Discours sur la première décade de Tite-Live, Texte établi par Ch. LouandreCharpentier (p. 204-205).



CHAPITRE XXVI.


Un prince établi récemment dans une ville, ou dans une contrée qu’il a conquise, doit y renouveler la face de toutes les institutions.


Quiconque obtient la souveraineté d’une ville ou d’un État, surtout quand son pouvoir est assis sur de faibles fondements, et qu’il ne veut point d’un gouvernement établi sur les lois monarchiques ou républicaines, n’a pas de moyen plus sûr de se maintenir sur le trône que de renouveler, dès le commencement de son règne, toutes les institutions de l’État ; comme, par exemple, d’établir dans les villes de nouveaux magistrats sous des dénominations nouvelles, de rendre les pauvres riches, ainsi que fit David lorsqu’il devint roi, qui esurientes implevit bonis, et divites dimisit inanes. Il faut en outre qu’il bâtisse de nouvelles villes, qu’il renverse les anciennes, qu’il transporte les habitants d’un lieu dans un autre ; en un mot, qu’il ne laisse rien d’intact dans ses nouveaux États, et qu’il n’y ait ni rang, ni ordre, ni emploi, ni richesses que l’on ne reconnaisse tenir de lui seul. Il doit avoir sans cesse les yeux sur Philippe de Macédoine, père d’Alexandre, qui, par une semblable politique, devint, de petit roi qu’il était, monarque souverain de la Grèce. Ses historiens disent de lui qu’il promenait les hommes de province en province, comme les pasteurs transportent leurs troupeaux.
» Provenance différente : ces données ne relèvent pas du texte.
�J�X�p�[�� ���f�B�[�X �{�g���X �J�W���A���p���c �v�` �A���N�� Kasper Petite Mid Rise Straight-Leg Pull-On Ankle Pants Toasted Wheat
Ces procédés sont tout à fait barbares et contraires à toute espèce de civilisation. Non-seulement le christianisme, mais l’humanité les repoussent. Tout homme doit les fuir, et préférer la vie d’un simple particulier à celle d’un roi qui règne par la ruine des humains. Néanmoins, quiconque, pour se maintenir, ne veut point marcher dans la route du bien que nous lui avons d’abord indiquée, doit entrer nécessairement dans cette carrière funeste. Mais la plupart des hommes croient pouvoir s’avancer entre ces deux routes, et s’exposent ainsi aux plus grands dangers ; car ils ne savent être ni tout à fait bons, ni tout à fait méchants. L’exemple que nous allons rapporter dans le chapitre suivant éclaircira notre pensée.